'Dear John' is one of those movies that is initially sweet but very quickly turns sour. Fans of Nicholas Sparks' previous adaptations, particularly 'The Notebook', should be warned that this one just doesn't hit that believable romantic note that they might be expecting.

John Tyree (Tatum) is on a leave of absence from the army, surfing, spending a bit of time with his father (Jenkins) and trying to stay on the straight-and-narrow, which seems all the more possible when he meets good girl Savannah (Seyfried). The pair hit it off instantly, spending every moment together until duty calls for John and college calls for Savannah. But before they part they make a promise, to tell each other everything that is happening in their lives during their time apart. So they begin to write letters to each other, with John becoming increasingly dependant on the correspondence to get through his tough days on duty far from home.

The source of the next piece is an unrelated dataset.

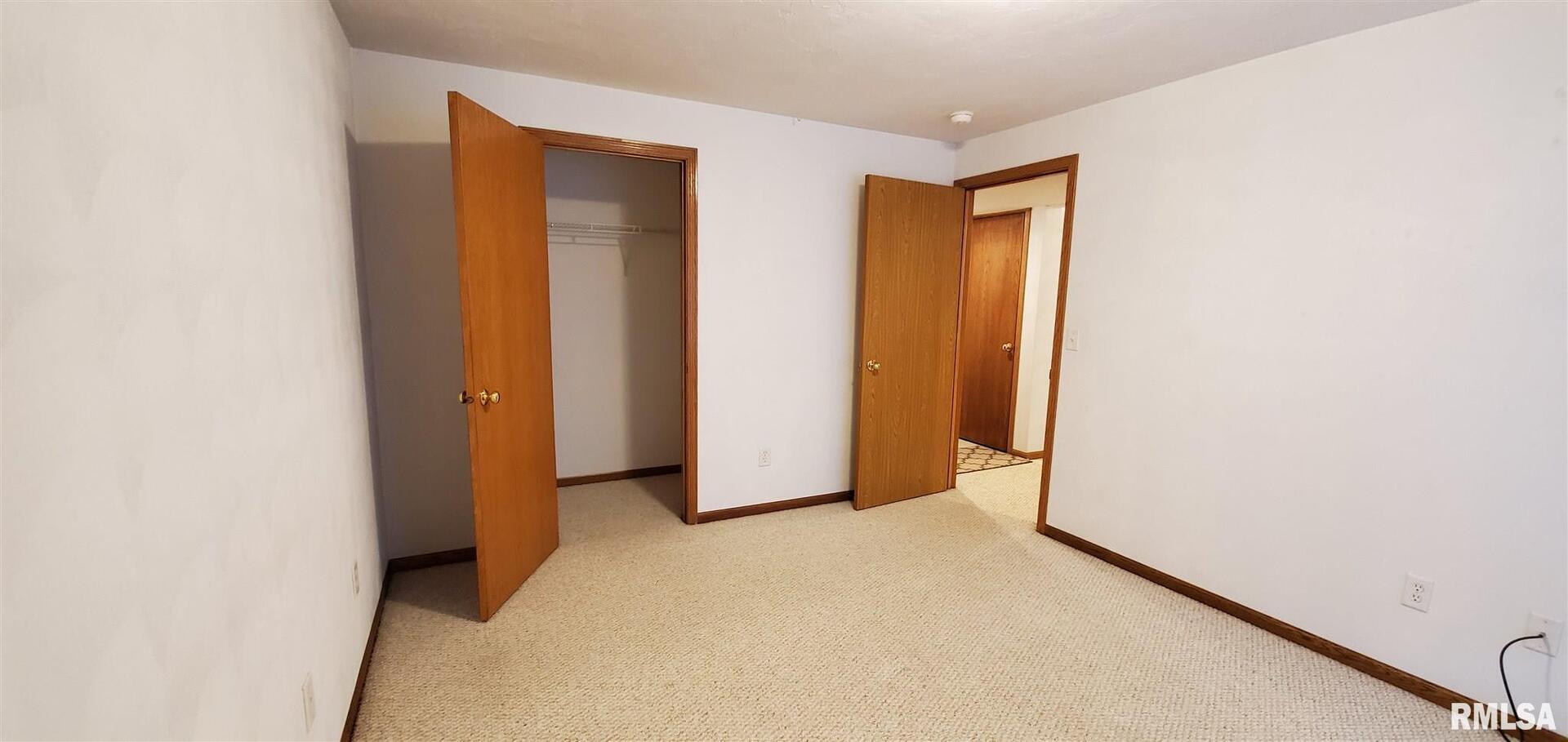 1304 GLENCOE Lane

But, as with every good long-distance romance, there are problems for the pair. And when John decides to re-enlist after 9/11 the relationship is put to the test, despite their best efforts to keep their initial promise.

Read an interview with Channing Tatum.

With an overly sentimental script, that lays everything on too thick, leads Channing Tatum and Amanda Seyfried are fighting a losing battle from the off. They manage to hold interest at the initial stages of their characters’ romance but it’s all downhill as soon as the mawkish letter-writing kicks off. The movie would be a total write-off but for the stand-out performance of Richard Jenkins, as John’s troubled, coin-collecting father. Convincing and heartbreaking, it injects some much-needed, and genuine, emotion into the movie.

Well-intentioned but ultimately misses the mark.